The above method has two main drawbacks: large memory requirement and slowness. In order to find the plane parameters accurately, parameter space must be divided finely in all three directions, and an accumulator assigned to each block. Also it takes a long time to fill the accumulators when there are so many. The Fast Hough Transform described in [#!Li_etc_86!#] gives considerable speed up and reduces memory requirement. Instead of dividing parameter space uniformly into blocks, the FHT ``homes in'' on the solution, ignoring areas in parameter space relatively devoid of votes. The relative speed advantage of the FHT increases for higher dimensional parameter spaces.

The FHT applies to those Hough transform problems in which a feature $F_j$ votes for a hyperplane in parameter space (a hyperplane is a $k-1$ dimensional generalisation of a plane, where $k$ is the dimension of parameter space).

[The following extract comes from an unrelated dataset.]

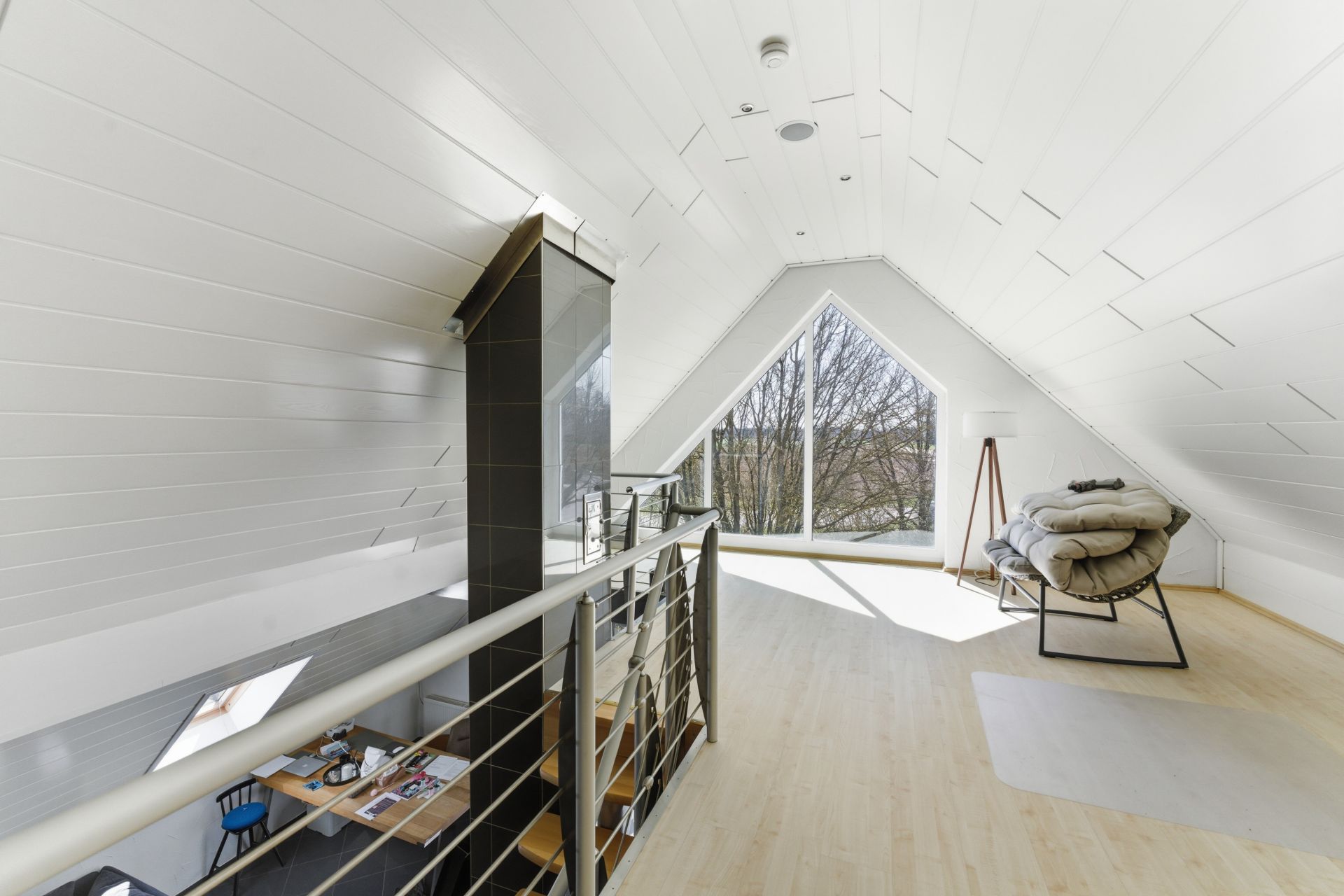Heller Dachbodenraum mit Schaukelstuhl, Schreibtisch und großem dreieckigem Fenster.
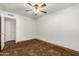 This bedroom features neutral walls, a ceiling fan, and a door to the side of the room at 6009 W Medlock Dr, Glendale, AZ 85301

This means that the relationship between feature space and parameter space must be linear in the parameters. In addition, it must be known in advance how many votes the solution will receive in the Hough transform. The FHT is also restricted in that it only supplies one ``best fit'' solution, whereas for the more conventional Hough transform method above it is plausible to consider local maxima as alternatives to the global maximum, i.e. the block in parameter space receiving the most votes.

A major advantage of the FHT is that it only uses addition and multiplication by two, which in integer arithmetic can be done efficiently using bitwise shifts. This is very convenient for computers on which integer arithmetic is much faster than floating point arithmetic.